La Corte di Cassazione sez. tributaria con la sentenza n. 22513 depositata il 02 ottobre 2013 intervenendo in materia di accertamento e deduzione costi ha statuito che il giudice tributario non può estendere la sua cognizione ad annualità non oggetto dell’avviso di accertamento e, quindi, del ricorso, atteso il principio di autonomia di ciascun periodo d’imposta e della natura impugnatoria del processo tributario.
La vicenda , da quanto si può comprendere dalla sentenza in commento, attiene a costi patrimonializzati, la cui quota di imputazione a periodo, tuttavia, non sarebbe stata considerata a fini della determinazione del reddito dei due anni precedenti a quello relativo all’avviso di accertamento notificato ed impugnato. Nel caso di specie i giudice della Commissione Tributaria Regionale avevano disposto che l’Agenzia delle Entrate rideterminasse il reddito di tali annualità precedenti, tenendo conto della quota parte di costo patrimonializzata di competenza di ciascun esercizio e, qualora ne fosse derivata una perdita, la stessa avrebbe dovuto essere considerata ai fini della determinazione del reddito imponibile dell’anno oggetto di accertamento.
Il giudice tributario, operando in tal guisa, di fatto, aveva esteso la sua cognizione a periodi d’imposta non oggetto della controversia facendone refluire gli effetti su quello accertato ed oggetto del contendere.
I giudici di legittimità hanno, pertanto, stabilito che questa circostanza viola il principio di autonomia di ciascun periodo d’imposta. Inoltre, i giudici del Palazzaccio, hanno evidenziato come il giudice di appello con tale decisione era incorso nel vizio di extrapetizione, poiché aveva statuito in ordine ai risultati di esercizio ed alla liquidazione di imposte relativi ad esercizi pregressi a quello oggetto di accertamento. Avendo il processo tributario natura impugnatoria, il giudice non avrebbe dovuto estendere la sua valutazione oltre l’ambito circoscritto dall’atto impugnato e dei vizi denunciati.
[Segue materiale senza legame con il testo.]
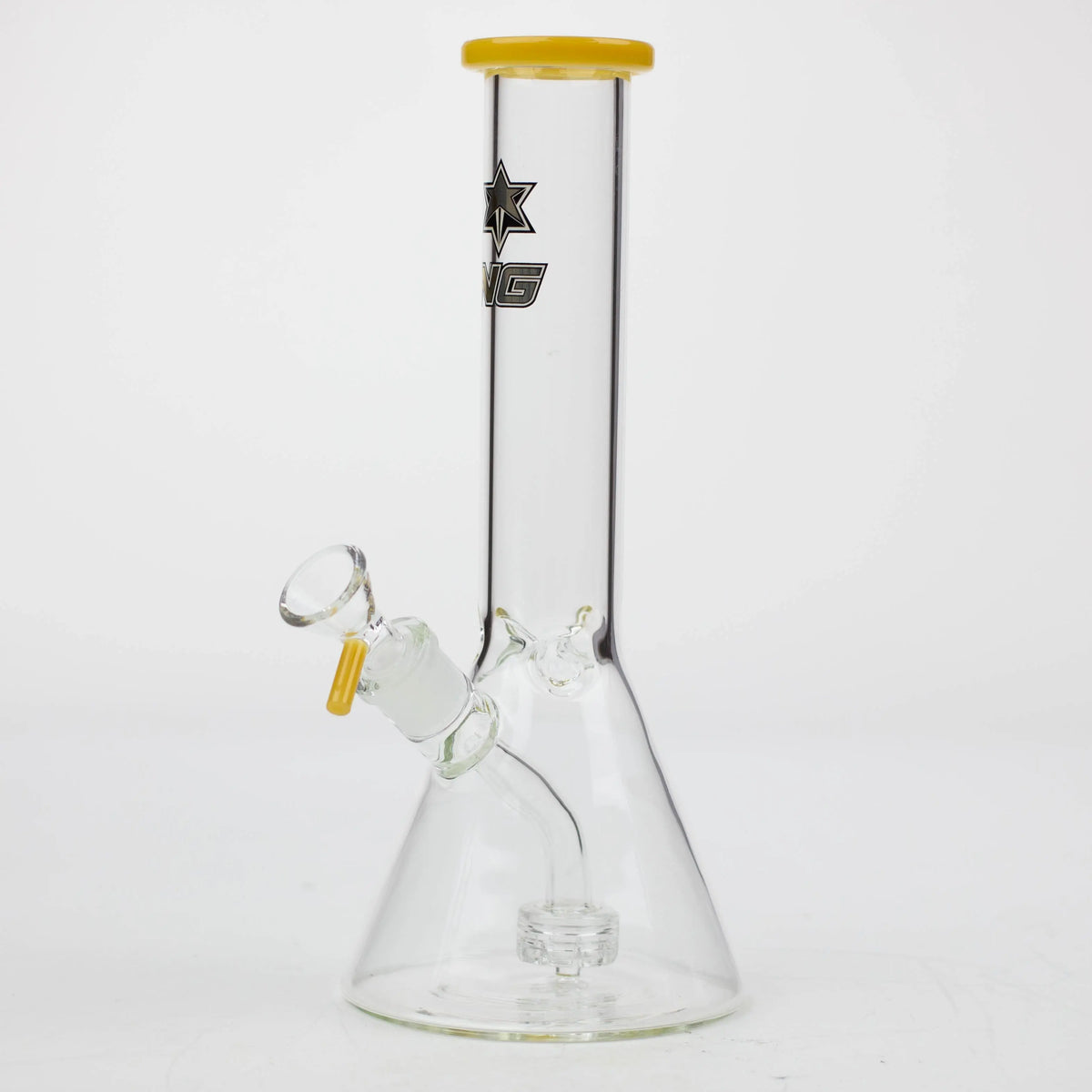 Side View of the Nice Glass 10 inch Circ Percolator Bong in Yellow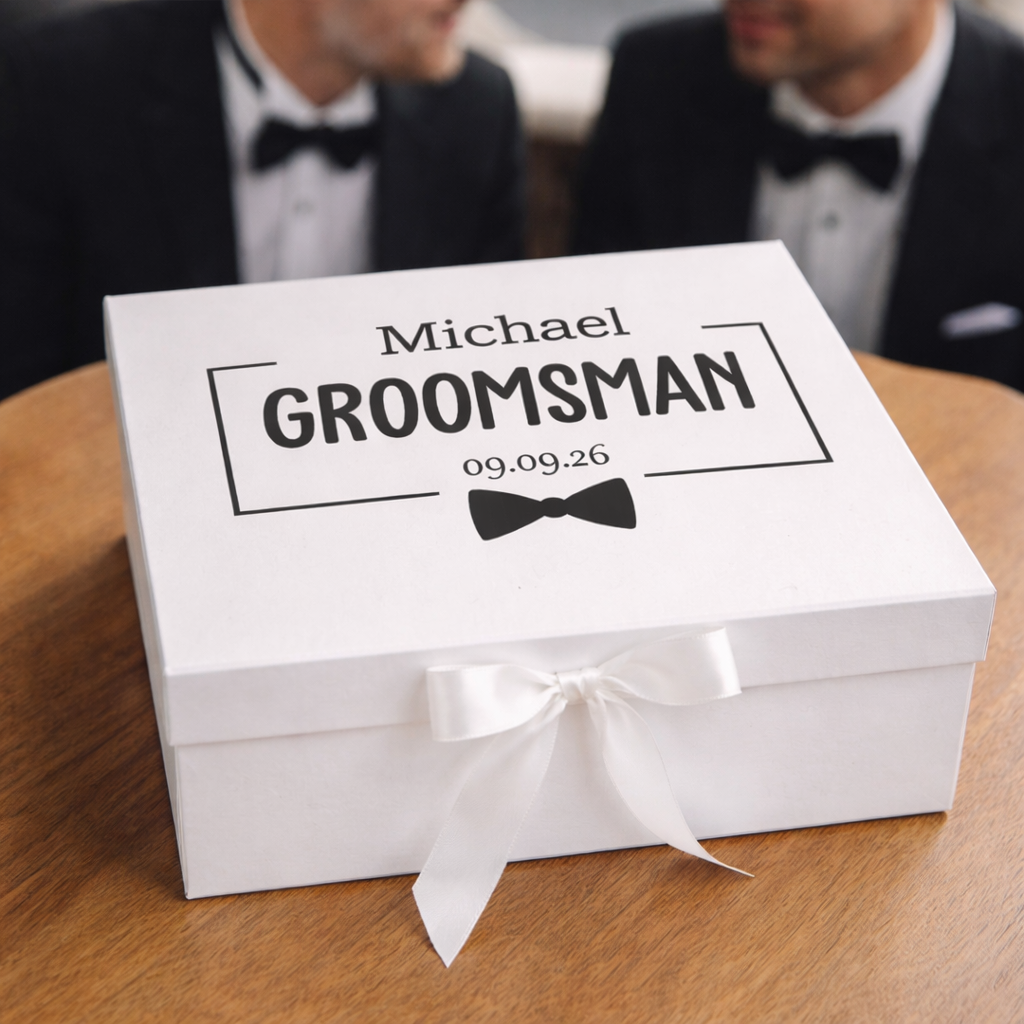 personalised groomsman gift box with name role and date ireland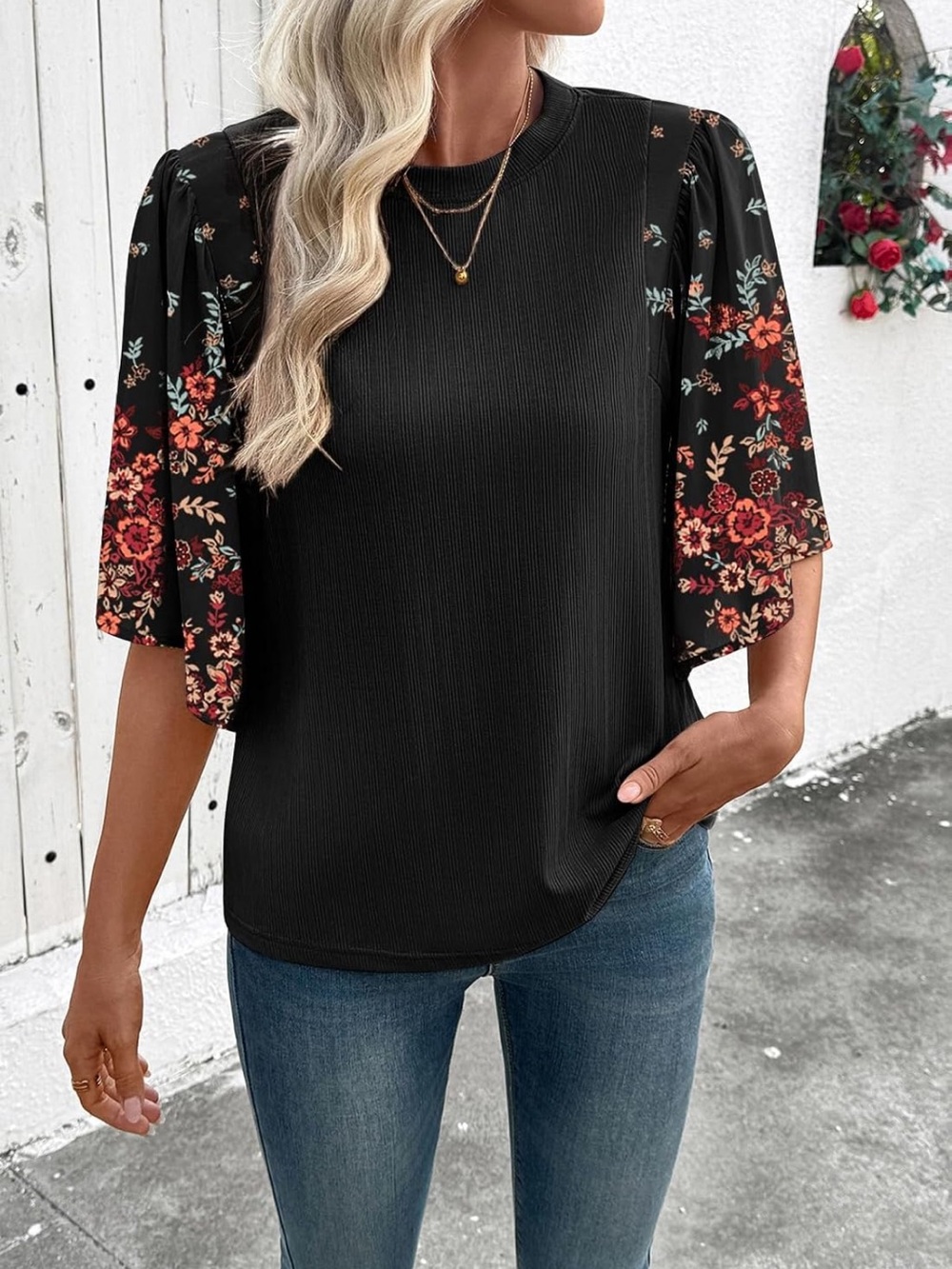 EVALESS 3/4 Length Bell Sleeve Top Floral Print Teacher Outfit Blouse Dressy XL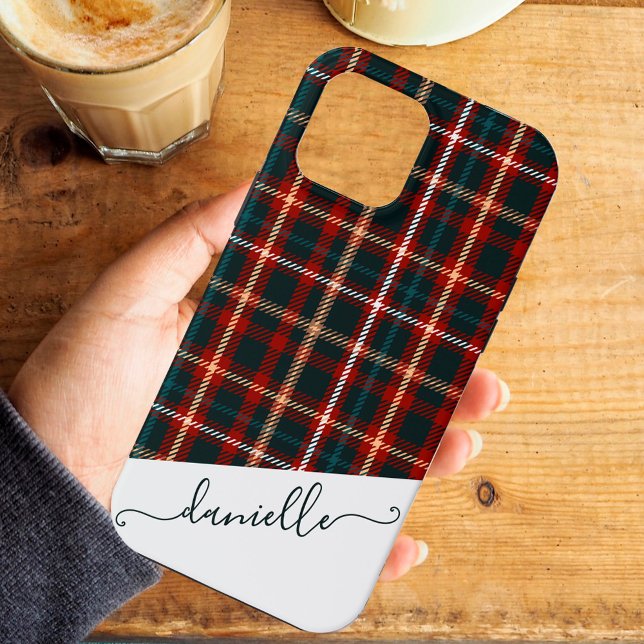 Tartan Plaid Elegant Script Blue Name Case-Mate iPhone Case (Creator Uploaded)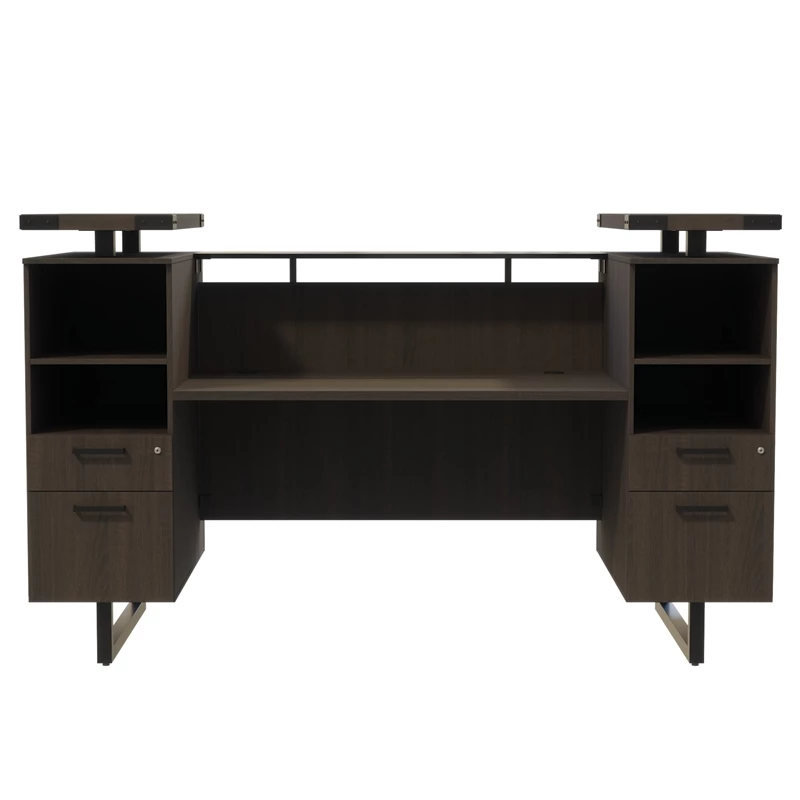 Safco Mirella Modern Wood Reception Desk In Southern Tobacco 6 Safco Mirella Modern Wood Reception Desk In Southern Tobacco - Image 4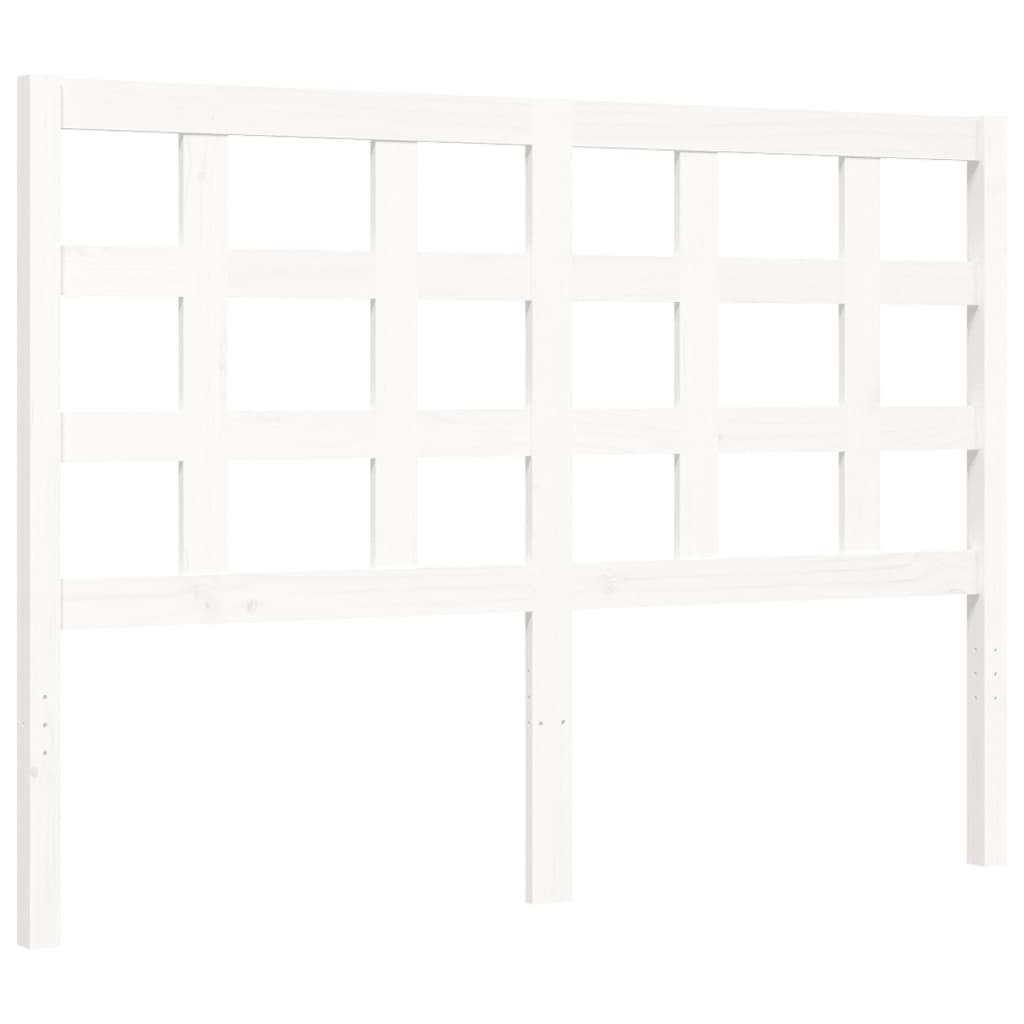 Bed Frame with Headboard White 137x187 cm Double Solid Wood - Newstart Furniture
La Corte Suprema rammenta, a tal proposito il contenuto dell’art. 112 c.p.c., il quale dispone che il giudice deve pronunciare su tutta la domanda e non oltre i limiti di essa, e non può pronunciare d’ufficio su eccezioni, che possono essere proposte soltanto dalle parti.
La Corte Suprema, ricorda quanto più volte statuito dalla stesa in merito al sistema tributario in cui ogni anno fiscale mantiene la propria autonomia rispetto agli altri e comporta la costituzione, tra contribuente e Fisco, di un rapporto giuridico distinto rispetto a quelli relativi agli anni precedenti e successivi. Ne consegue che, qualora le controversie relative a diverse annualità d’imposta del medesimo tributo, ancorché concernenti questioni in tutto o in parte analoghe, siano separatamente decise con più sentenze (anziché con una sola, previa riunione dei relativi giudizi), ciascun giudizio mantiene la sua autonomia e la decisione ad esso relativa non è suscettibile di costituire cosa giudicata rispetto ai giudizi relativi alle altre annualità ( Cass. 14125/2009 e 22197/2004). Per cui ogni anno fiscale comporta un rapporto giuridico distinto
Pertanto alla luce di quanto sopra scritto nella fattispecie il giudice tributario avrebbe dovuto limitarsi alle statuizioni riguardanti il periodo d’imposta oggetto della controversia, potendo estendere la sua cognizione alle altre annualità soltanto nell’ipotesi in cui anch’esse fossero state oggetto di accertamento e di successiva impugnazione con specifiche censure da parte del contribuente, al fine di non incorrere nel vizio di extrapetizione.
Si ricorda che, recentemente, la Cassazione con la sentenza n. 8713 del 2013 ha stabilito che il vizio di extrapetizione si ha quando il provvedimento pronuncia su di un petitum ovvero su di una causa petendi che siano stati diversi rispetto a quelli su cui si sia fondata la domanda. Nella sostanza, si pronuncerebbe su di una domanda differente da quella azionata. Il principio deve però andare coordinato con quell’altro speciale di governo del processo tributario, per cui il carattere oppositivo del giudizio impone di far riferimento al contenuto dell’atto impugnato onde determinare il petitum ovvero la causa petendi della domanda.